The opening scene in Tom Stoppard’s brilliant play “Rosencrantz and Guildenstern Are Dead” shows the main characters involved in an experiment in probability theory. Rosencrantz and Guildenstern are on a mountain path when Guildenstern sees a coin on the trail. He picks up the coin, and flips it, then flips it again and again… What follows is unlikely; heads comes up 157 times in a row.

Here is the concluding dialogue from that scene:

GUILDENSTERN: It must be the law of diminishing returns. I feel the spell about to be broken. (He flips a coin high into the air, catches it, and looks at it. He shakes his head.) Well, an even chance.

ROSENCRANTZ: Seventy-Eight in a row. A new record, I imagine.

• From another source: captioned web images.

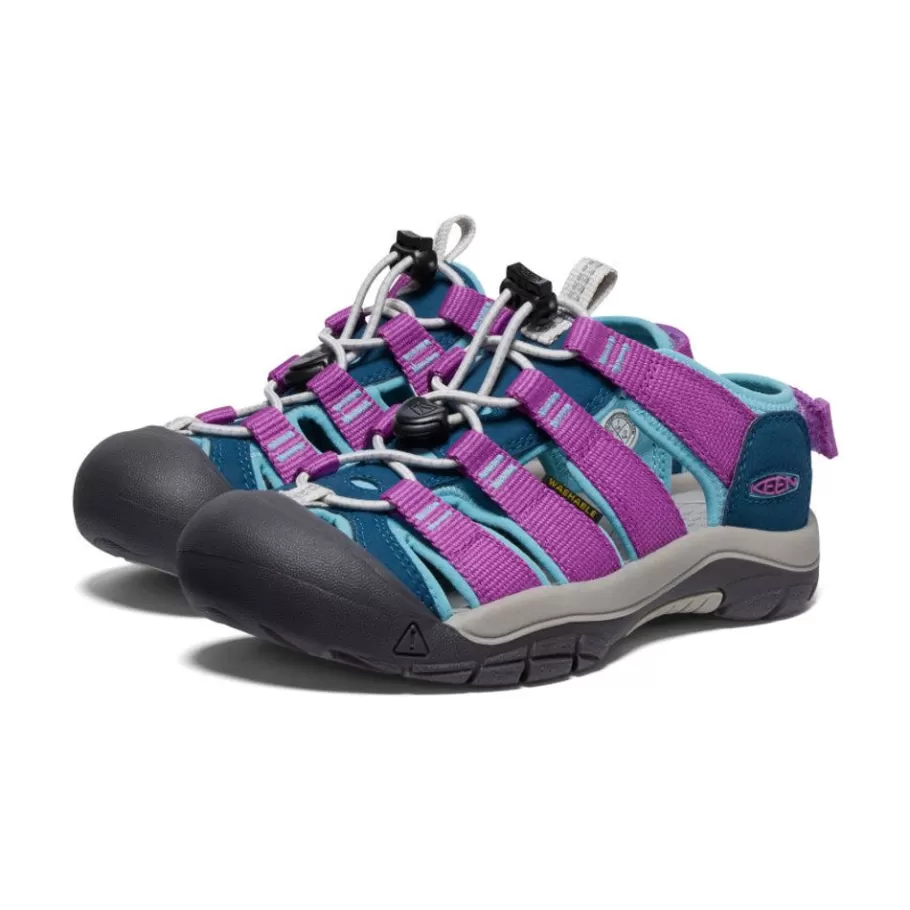 Kids KEEN Sandals-Big Kids' Newport Boundless Sandal | Legion Blue/Willowherb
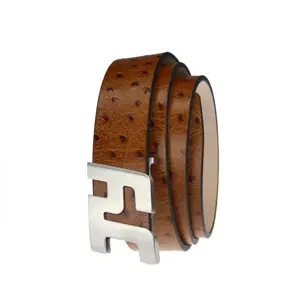 Cinturones estampados de cuero genuino para hombre, de alta calidad, personalizados, profesionales
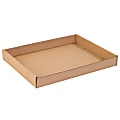 Partners Brand Corrugated Trays, 1 3/4"H x 12"W x 15"D, Kraft, Pack Of 50 1 thumbnail image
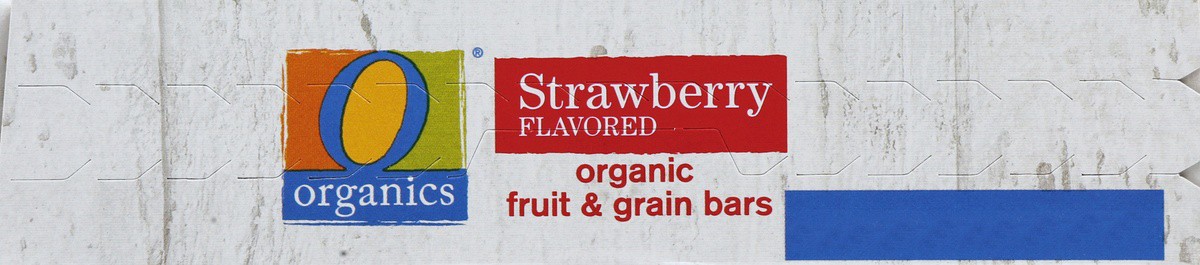 slide 4 of 4, O Organics Fruit & Grain Bars, Organic, Strawberry Flavored, 6 ct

GUILDENSTERN: Is that what you imagine? A new record?

ROSENCRANTZ: Well.

GUILDENSTERN: No questions, not a flicker of doubt?

ROSENCRANTZ: I could be wrong.

GUILDENSTERN: No fear?

ROSENCRANTZ: Fear?

GUILDENSTERN: (He hurls a coin at Rosencrantz.) Fear!

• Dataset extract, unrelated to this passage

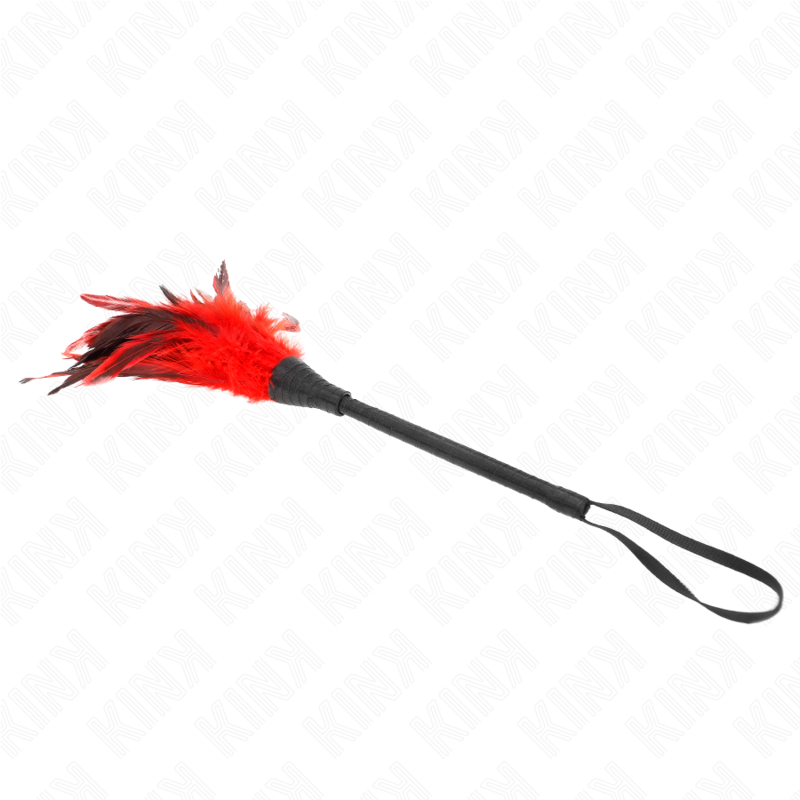 Frusta con Piume BDSM Kink — Forma Corno, 36 cm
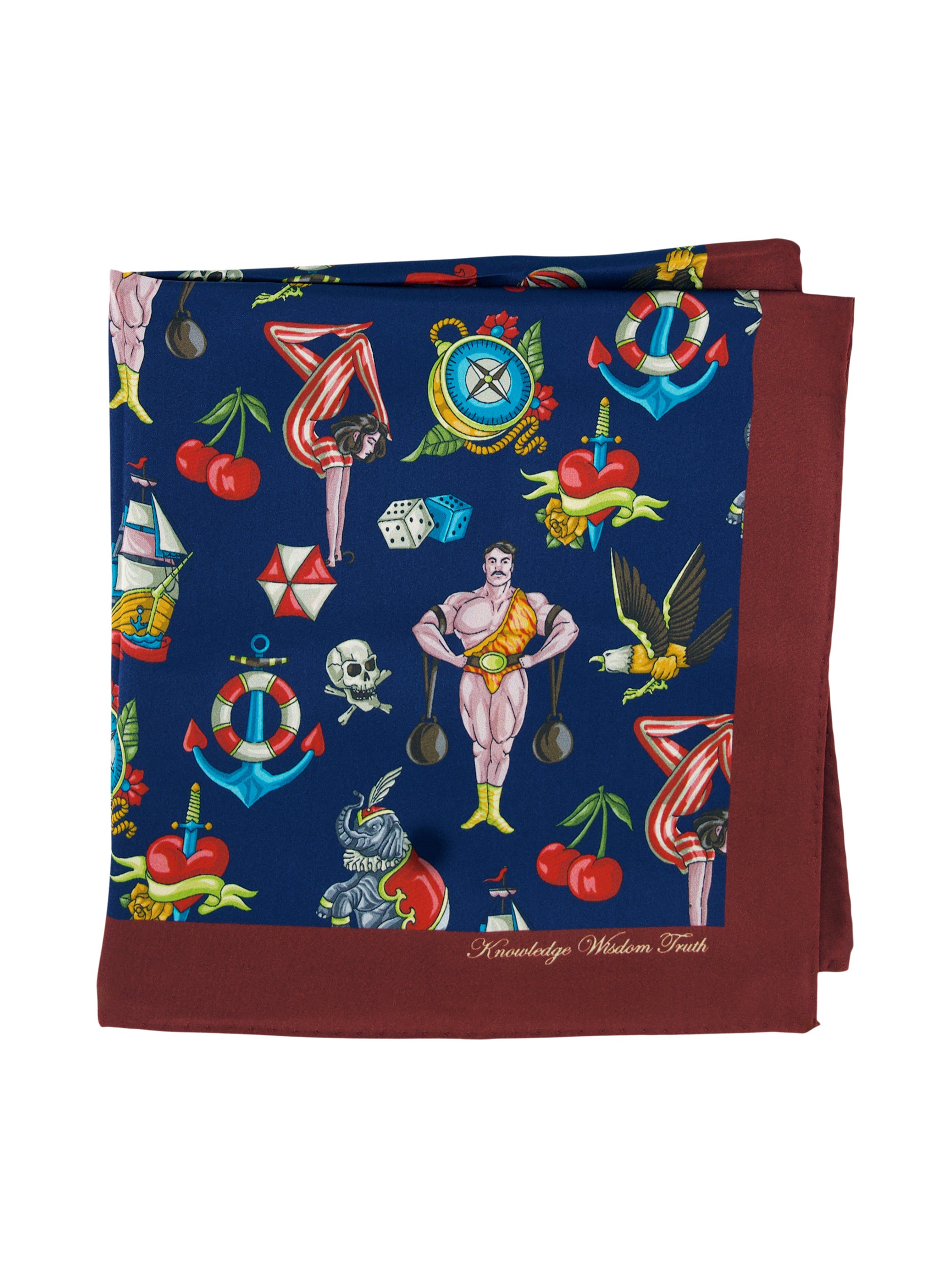 CIRCUS POCKET SQUARE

ROSENCRANTZ: (looking at the coin) Seventy-Nine.

GUILDENSTERN: I think I have it. Time has stopped dead. The single experience of one coin being spun once is being repeated …

ROSENCRANTZ: Hundred and fifty-six.

GUILDENSTERN: … a hundred and fifty-six times! On the whole, doubtful. Or, a spectacular indication of the principle that each individual coin spun individually is as likely to come down heads as tails, and therefore should cause no surprise each individual time it does.

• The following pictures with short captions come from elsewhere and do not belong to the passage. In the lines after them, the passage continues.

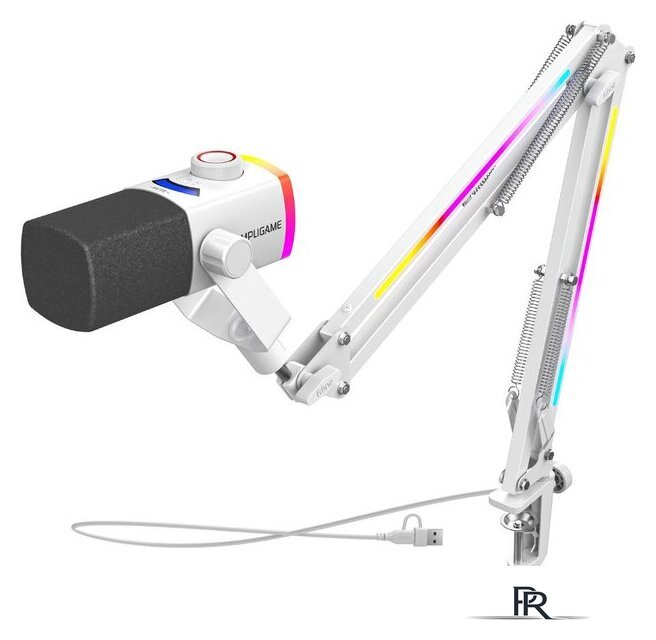 Проводной микрофон FIFINE AM8PROTW (белый) - Изображение №2 — Интернет-магазин ПроЗаказ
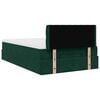 vidaXL Bed poef met matras en LED's 120x190 cm fluweel donkergroen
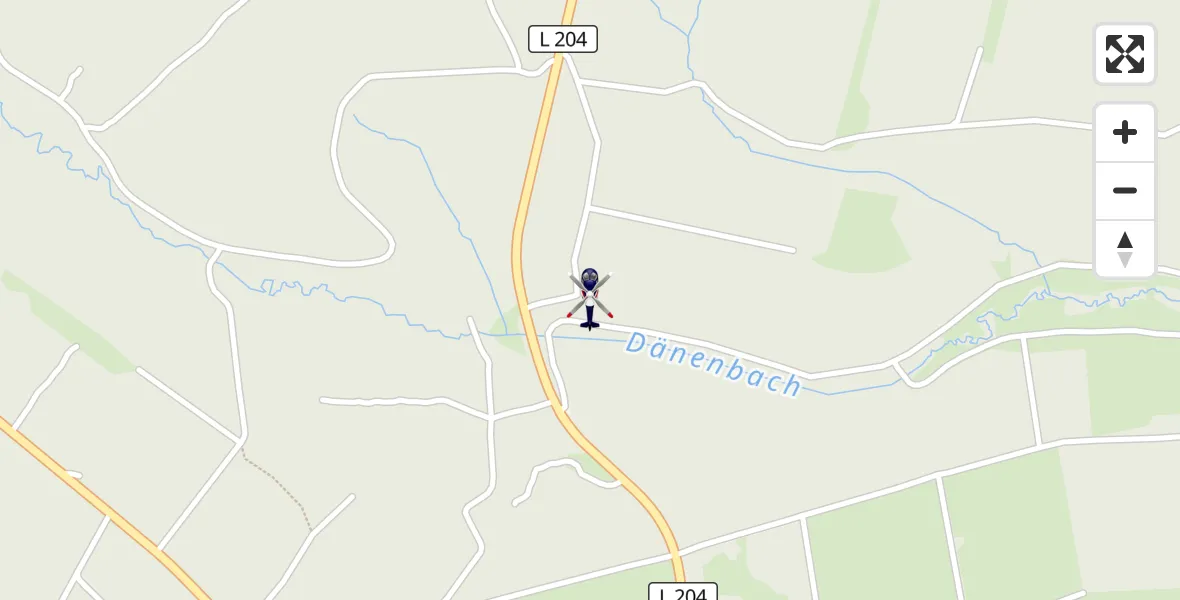 Flugroute Polizeihubschrauber Dahlem - Dahlem, 06 Juli 2026, 12:20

ROSENCRANTZ: Heads. I’ve never seen anything like it.

GUILDENSTERN: We have been spinning coins together since … I don’t know when. And in all that time, if it is all that time, one hundred and fifty-seven coins, spun consecutively, have come down heads one hundred and fifty-seven consecutive times, and all you can do is play with your food!

Getting heads 157 times in a row is an event with a probability so small it can just barely be determined by an Excel spreadsheet computation:

P(157 consecutive heads) ≈ 0.00000000000000000000000000000000000000000000000547382.

Let’s put the experience of these characters into the context of the “long run.” Suppose we are conducting an experiment tossing a coin over and over. Let’s count the number of times heads and tails each come up. We will need three counting variables for this. We let “H” denote the number of times that heads comes up, “T” will denote the number of times tails comes up, and “N” will denote the total number of times the coin has been tossed.

Many people mistakenly believe that “in the long run, the number of heads and tails balances out, so that they are roughly the same.” This is false; that is not what the “long run” says at all. The most common fallacious thinking about the long run is the belief that eventually we must have the number of heads equal to the number of tails, or H = T. Based on this belief, people wager more on heads when a lot of tails have appeared, or more on tails when a lot of heads have appeared, using the logic that the other variable has to catch up. That is not the law of averages. Unequivocally, this is not what “the long run” means. It is not a statement that things come out exactly right if enough rounds of the experiment are conducted.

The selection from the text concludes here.